Your assignment >>
For this exercise, please return exactly the line containing "Kia Rio 1.2 Attract - 20" and each line after it through the end of the records, with no pictures included.

Given data >>
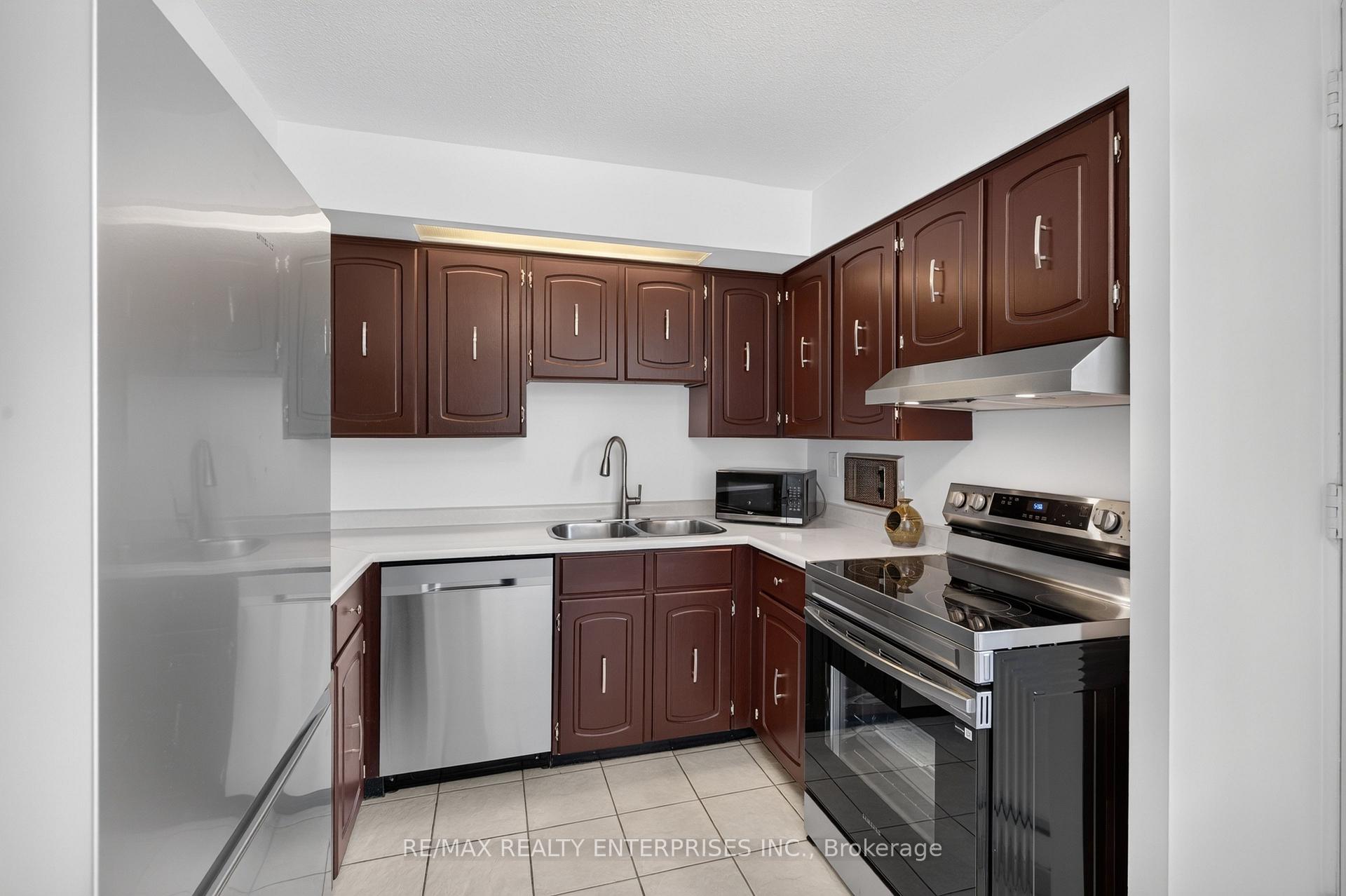 Photo 13 of Unit A49, 288 Mill Road, Etobicoke, Markland Wood — HOMEH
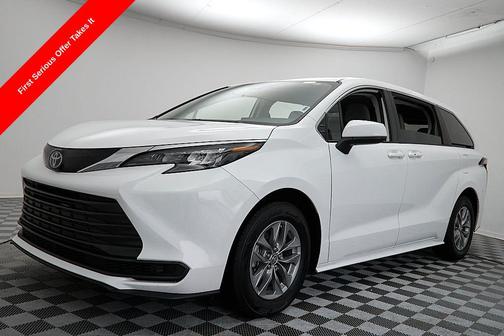 2024 Toyota Sienna LE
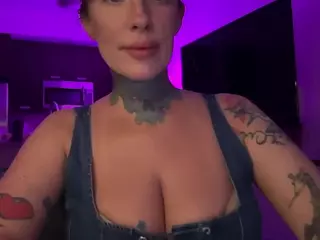 airgead's Live Sex Cam Show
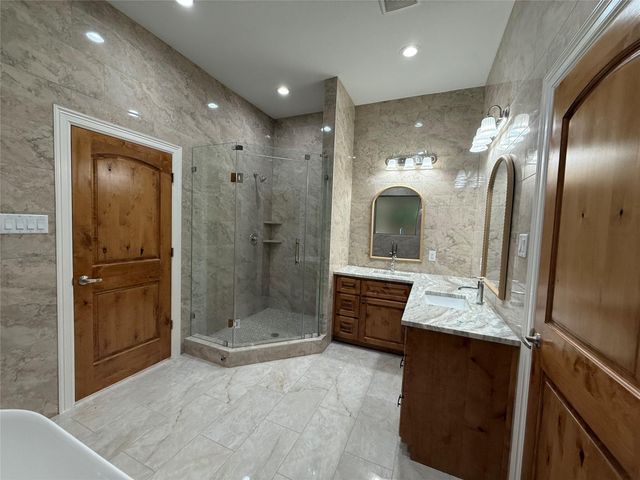 13409 Mcdoyle Road, Houston, TX 77048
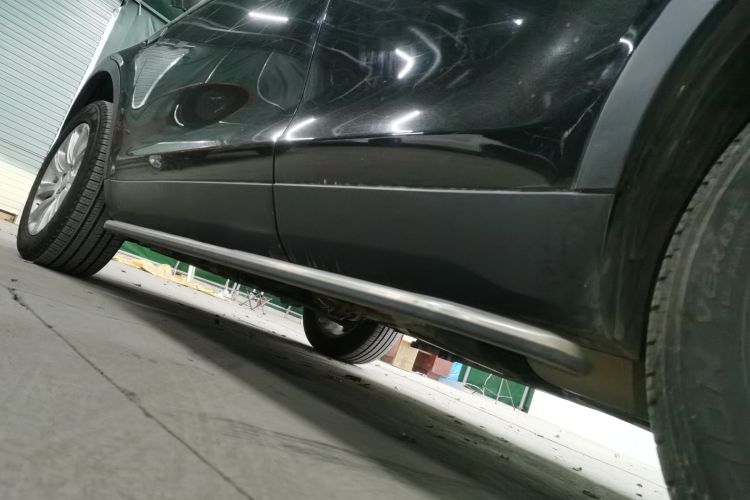 路虎 发现神行 2019款 240PS SE版 国VI局部细节9002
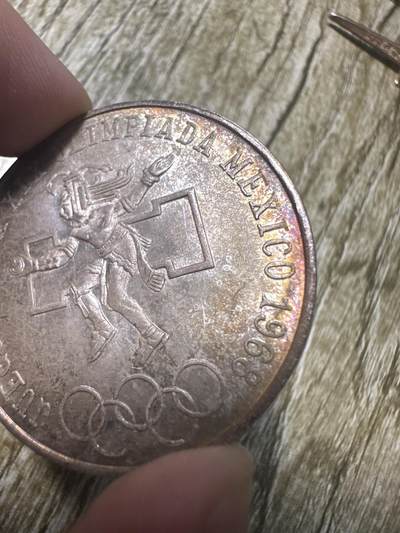 章，世界钱币 - 五彩原光！1968年墨西哥奥运会25比索纪念银币，22.5g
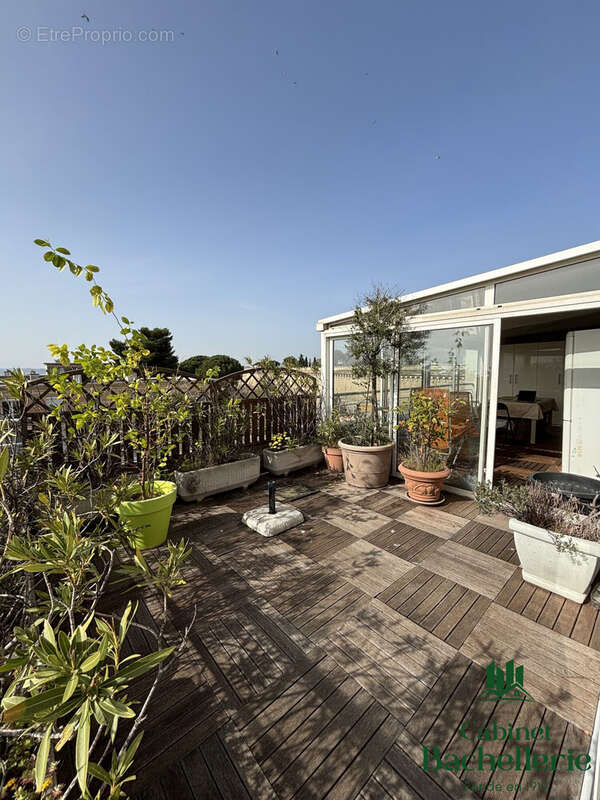 Appartement à MARSEILLE-12E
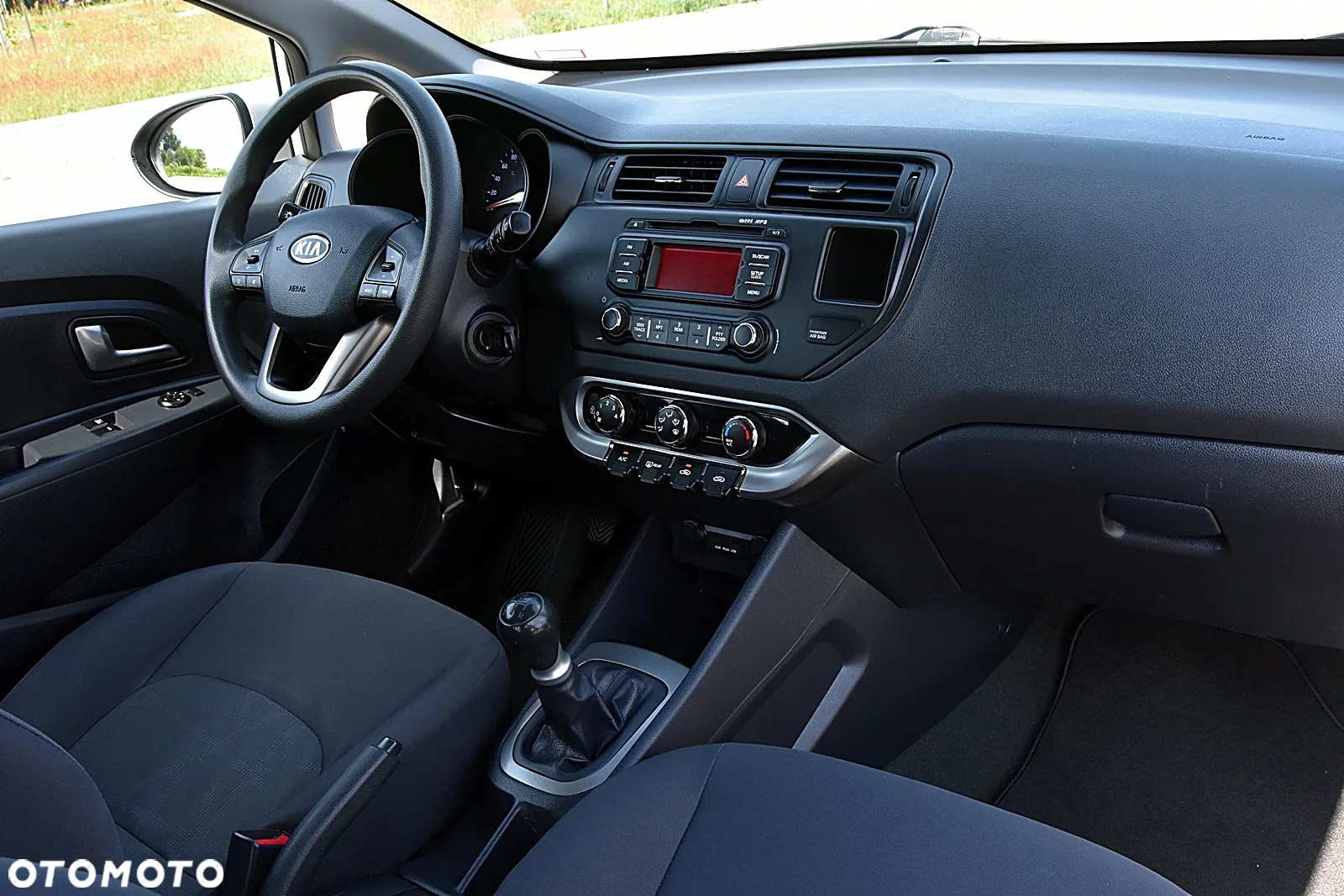Kia Rio 1.2 Attract - 20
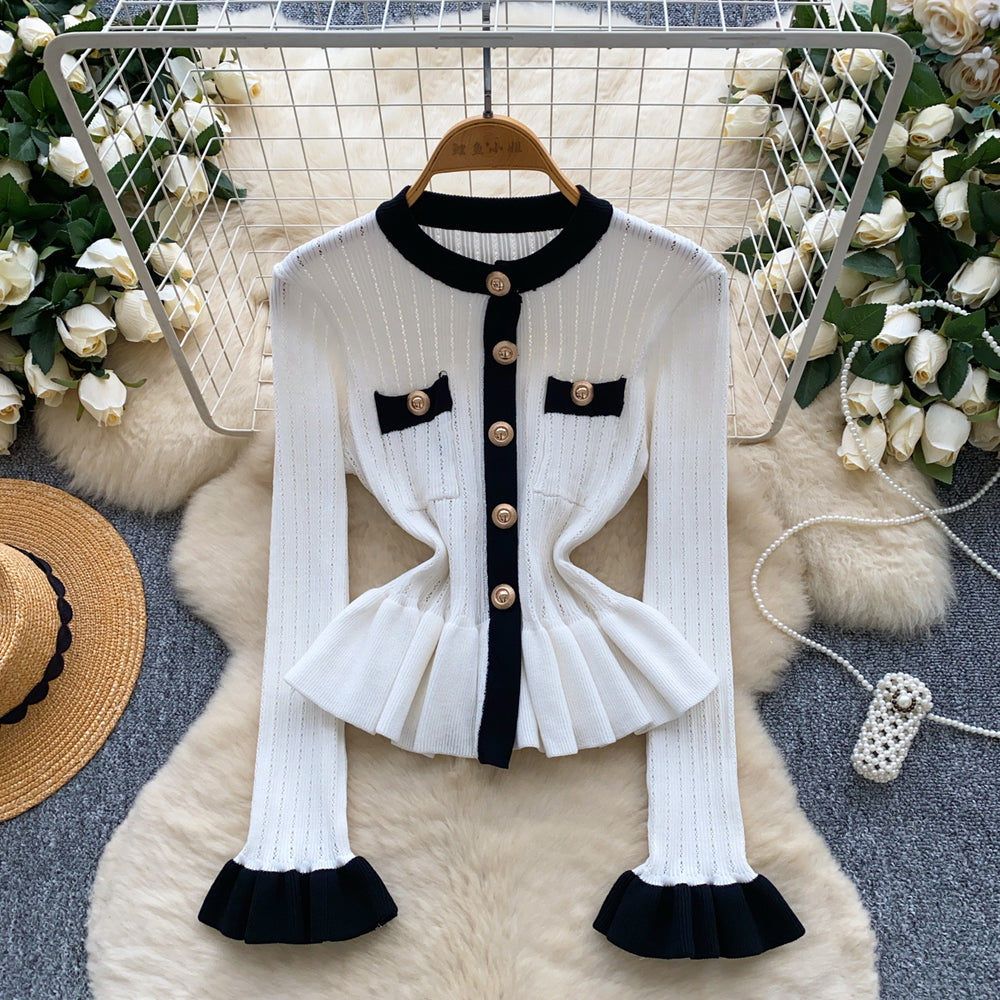 French chic chanel-inspired color block knit top with metallic buckle detail - women's slim-fit long sleeve base layer for autumn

Answer for this exercise >>
Kia Rio 1.2 Attract - 20
 French chic chanel-inspired color block knit top with metallic buckle detail - women's slim-fit long sleeve base layer for autumn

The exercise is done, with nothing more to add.